:: DATA EXCERPTS
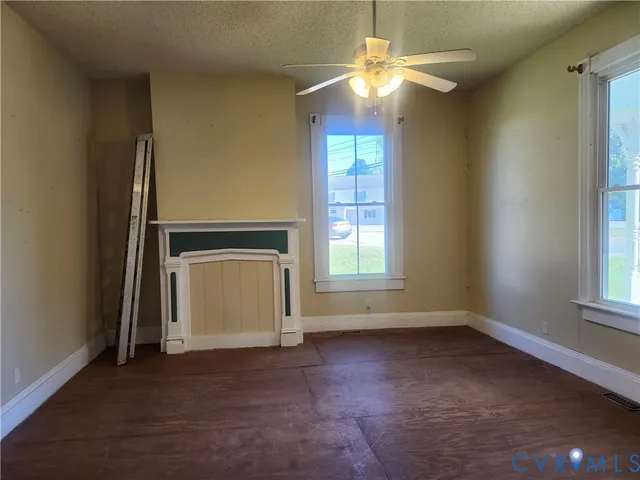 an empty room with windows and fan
::::
:: DATA EXCERPTS
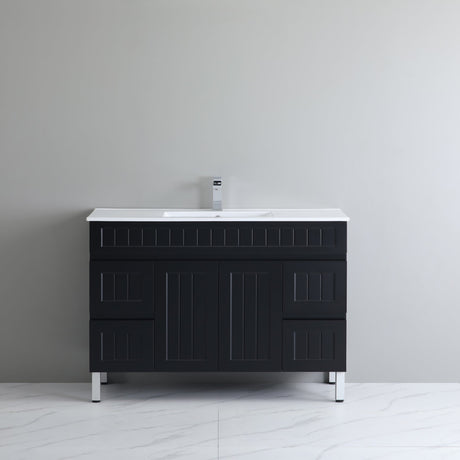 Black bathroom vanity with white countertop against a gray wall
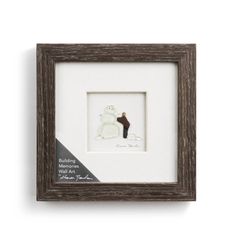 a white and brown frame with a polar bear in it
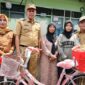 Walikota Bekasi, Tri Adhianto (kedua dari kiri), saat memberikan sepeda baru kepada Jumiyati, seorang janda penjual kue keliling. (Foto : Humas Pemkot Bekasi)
::::
## AIM OF THE EXERCISE
Transcribe, word for word, the stretch of lines in the data above from the one with "a white and" through the one with "Walikota Bekasi, Tri"; omit all pictures.

## YOUR RESPONSE
 a white and brown frame with a polar bear in it
 Walikota Bekasi, Tri Adhianto (kedua dari kiri), saat memberikan sepeda baru kepada Jumiyati, seorang janda penjual kue keliling. (Foto : Humas Pemkot Bekasi)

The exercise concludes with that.